Human Greed: World Fair
Omnempathy

It's interesting that in writing about World Fair, his fifth recording under the Human Greed name (seven if two non-ensemble pieces are counted), Michael Begg states that though the album finds him attempting “to up my game with regards to formal musical theory and composition,” he also confesses, “I don't know how to begin marking out its foundations for you.” It's not that he's confused about the project or unclear about its intentions so much as that its wide-ranging content doesn't lend itself to easy dissemination. Topics such as entropy, science, faith, mortality, and “the second law of thermodynamics, the singularity and heat death of the observable universe” compose the allusive narrative structure, while the music itself supports the thematic material by partially rooting its songcraft in the 16th century. If a visual image were to be chosen to represent World Fair, it would be that of the early alchemist testing out various chemical potions in a candle-lit lab.

Begg and Deryk Thomas are credited as Human Greed's members, but the album is hardly a two-person production.
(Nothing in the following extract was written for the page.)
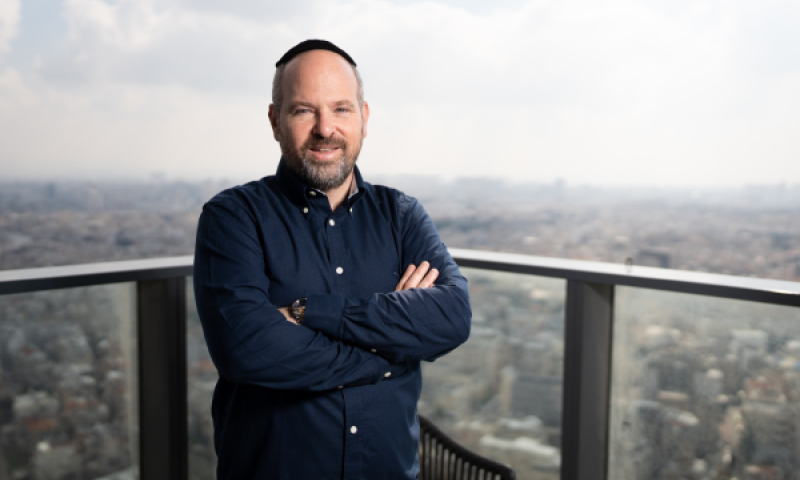 יקי רייסנר, יו״ר ובעלים קבוצת רייסדור [צילום: רמי זרנגר]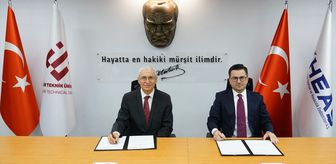 HEAŞ ile ESTÜ arasında havacılık sektöründe nitelikli insan kaynağı yetiştirilmesi için protokol imzalandı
A great many guests appear, among them Colin Potter (Nurse With Wound) and Pietro Riperbelli, the latter of whom provided field recordings of cathedral interiors. Intensely dramatic and slow-moving, the sixty-seven-minute album plays like a wide-ranging song-cycle that alternates between brooding instrumental passages, spoken word episodes, and vocal settings. One piece bleeds into the next, strengthening the tapestry-like character of the presentation. The sequencing of the material is something Begg and Thomas carefully considered, as evidenced by the natural segue that occurs when the hymnal “Entropy Suite” flows so seamlessly into the haunting cover of “Black is the Colour.”

“Invocation” sets the scene with three minutes of enigmatic, low-key atmospherics, after which the bleak, strings-heavy title track appears, perpetuating the cryptic spirit of the opener. Without deviating from the subdued tone, “Waiting in a Car” presents Nicole M. Boitos intoning “I believe in heat death, I believe in counting stars,” among other portentous lines. Settings of equally symphonic scope follow, and strings (courtesy of cellist Alistair Mackenzie and violinist Duncan Mackenzie) and voices (Sophie Bancroft, Chris Connelly, and Sukie Smith in addition to Boitos) figure prominently. Mention must be made of “Chrysler,” an eight-minute meditation co-written by Steven R. Smith (Ulaan Khol, Hala Strana) that features his spike fiddle and guitar playing, as well as the haunting vocal setting “Heat Death.”

World Fair is a strong and provocative album, one assembled with obvious care by its creators and kaleidoscopically rich in sonic colour. It's especially notable for the deftness with which it blends centuries-old songcraft with modern electronic production treatments and sounds. Missteps are rare, though a couple of sour vocal notes mar an otherwise fine rendering of “Black is the Colour.” To the credit of its creators, Human Greed's presentation is refreshingly free of the heavyhandedness that might have weighed the project down in another's hands, even if it's impossible to deny the omnipresent undertow of its content.